The Apo Kayan people are one of the Dayak people groups that are spread throughout Sarawak of Malaysia, East Kalimantan and North Kalimantan of Indonesia. The earliest Apo Kayan people are from the riverside of the Kayan River, Bulungan Regency, East Kalimantan, Indonesia. According to the Apo Kayan Dayak legend, the Kayan people are the forefathers of which all smaller sub-ethnic Dayak people that are found along the Kayan River came from. Today, the population of the Apo Kayan people are estimated about 64,900.

Sub-ethnic

The Apo Kayan people group are divided into 3 sub-ethic Dayak people, namely:-
 Kayan people (Borneo)
 Kenyah people
 Bahau people
From the 3 sub-ethnic Dayak people group, they are further divided into 60 smaller sub-ethnic groups that are spread across 60 settlements that are located in Kalimantan and making them the smallest of the sub-ethnic group (Sedatuk) that still retain their family genealogy.

Kenyah people
The Kenyah Dayak people comprises 24 smaller sub-ethnics:-

 Kenyah
 Kenyah Bauh
 Lepo Payah
 Uma Klap
 Nyibun Saban
 Lepo Maut
 Ma Long
 Ma Alim
 Lepo Ko
 Ma Badang
 Ulun Nerau
 Ulun
 Lepo Tau
 Lepo Jalan
 Lepo Bam
 Lepo Tukung
 Lepo Aga
 Lepo Bakung
 Baka
 Lepo Lepo
 Lepo Lisan
 Lepo Kayan
 Ngure / Urik
 Lepo Kulit

Kayan people
The Kayan Dayak people are divided into 10 smaller sub-ethnics:-

 Uma Pliau
 Uma Puh
 Uma Samuka
 Uma Naving
 Uma Lasung
 Uma Daru
 Uma Paku
 Uma Bawang
 Uma Juman
 Uma Leken

Bahau people
The Bahau Dayak people are made of 26 smaller sub-ethnics:-

 Saputan
 Pnihing
 Kayan
 Long Glat
 Ma Suling
 Long Mai
 Uma Lohat
 Hwang Ana
 Hwang Tring
 Segai
 Modang
 Melarang
 Ma Belur
 Ma Lowang
 Ma Aging
 Na Pagung
 Ma Bau / Uban
 Uvan Dali
 Bahau
 Uwabg Hurai
 Uvang Mekan
 Uvang Boh
 Uvang Sirap
 Uma Mehak
 Uma Teliba
 Tunjung Linggal

Geographical location
Geographically, the meaning of Apo Kayan can be understood as plateau that is located at the North Kalimantan-Sarawak boundary.

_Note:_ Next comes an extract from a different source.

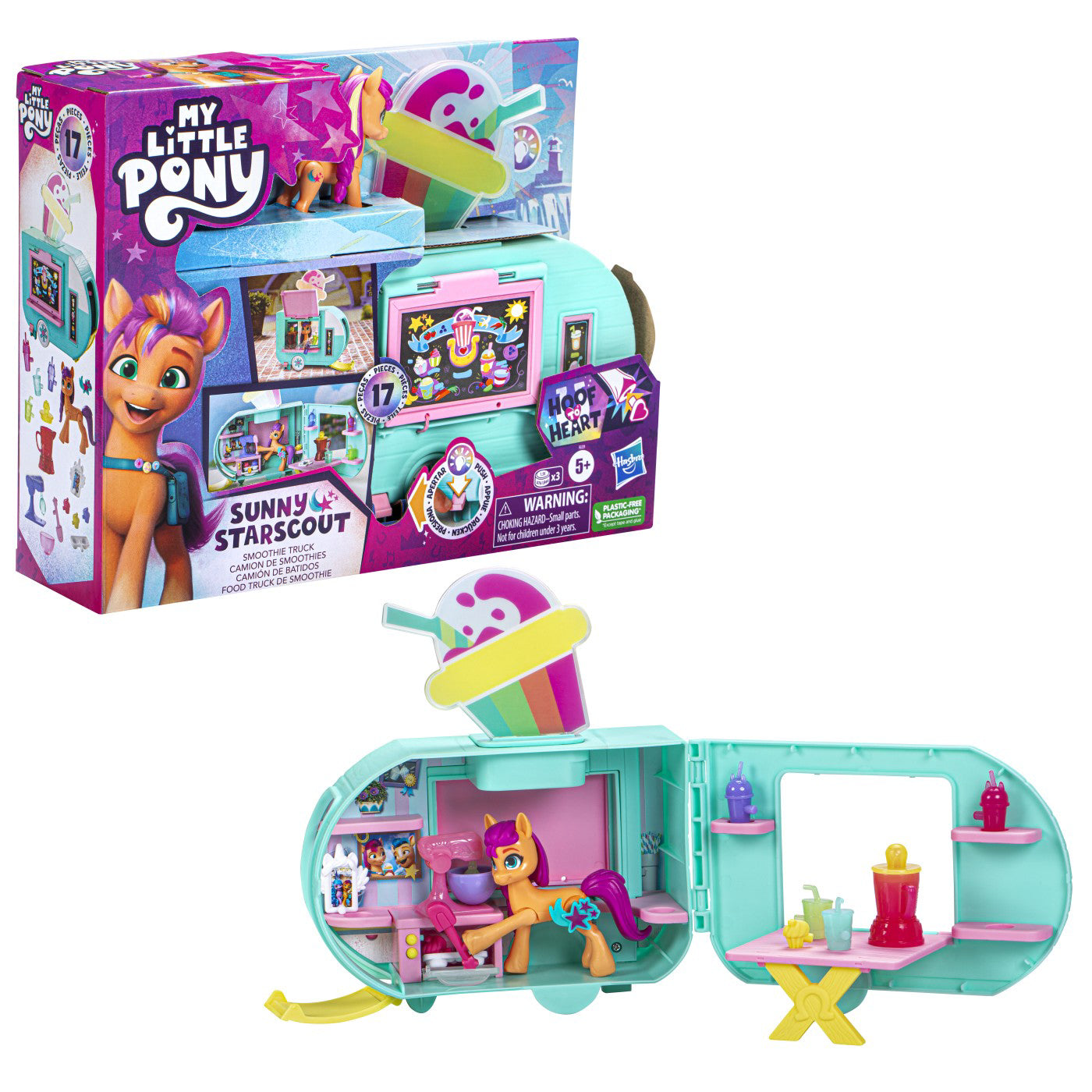 MY LITTLE PONY RULOTA DE SMOOTHIE A LUI SUNNY STARSCOUT HSF6339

Including Kayan Hulu district, Malinau Regency, North Kalimantan, Indonesia, this region has a height between 450 and 1,700 meters above sea levels.

Culture
The uniqueness of the Apo Kayan Dayak community is their wearing of earrings and tattoos on the hands and feet of both men and women. According to the ancestral beliefs, the wearing of earrings separates men from animals. While the tattoos signifies the difference in social rankings. According to them, the more tattoo markings are found on the body meant the higher the social status in the society would be. However, today the tradition of wearing earrings and tattoos are slowly being left out by the younger generation of the Apo Kayan people. This is due to the feeling of embarrassment to uphold such practices in today's modern society.